|crunchy chickeny goodness|
I'm sure right now all your thinking about is how you will possibly get through the most important meal of the year on Thursday. When I was thinking of what to post this week I knew I wanted something that was versatile and cost effective given the time of year. I dug deep into my recipe stash and hit pay dirt with this gem. It's got flavor, lots of veggies and a little crunch for good measure. You can also use leftover turkey meat instead of chicken.
This reminds me of my Mom's stick to your ribs cooking growing up. She could make miracles happen with a can of cream of mushroom soup. When I made this recipe I was smiling the whole time because my Momma was with me while I chopped and stirred and baked.
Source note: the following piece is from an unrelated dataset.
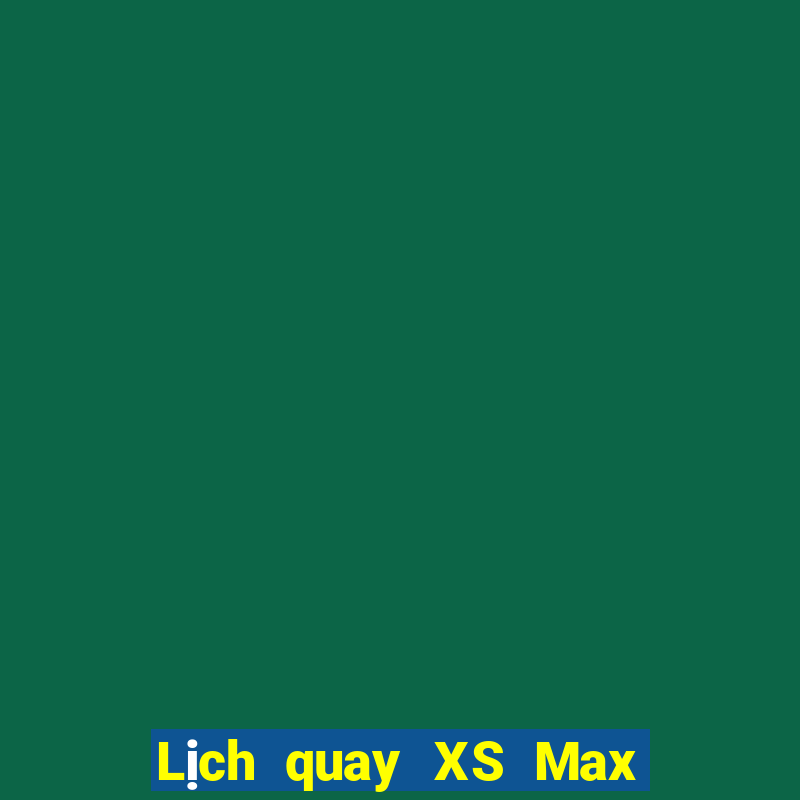 Lịch quay XS Max 4D ngày 5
Thanks Mom for teaching me the the lessons of what makes a great casserole!
Celebrate the Feast!
|sorry for the blurr but it was quite yummy...for real...|
Chicken Zucchini Casserole Recipe
1 package (6 ounces) stuffing mix
3/4 cup butter, melted
3 cups diced zucchini
2 cups cubed cooked chicken breast
1 can (10-3/4 ounces) condensed cream of chicken soup, undiluted
1 medium carrot, shredded
1/2 cup chopped onion
1/2 cup sour cream
In a large bowl, combine stuffing mix and butter. Set aside 1/2 cup for topping. Add the zucchini, chicken, soup, carrot, onion and sour cream to the remaining stuffing mixture.
Transfer to a greased 2-qt. baking dish. Sprinkle with reserved stuffing mixture. Bake, uncovered, at 350° for 40-45 minutes or until golden brown and bubbly.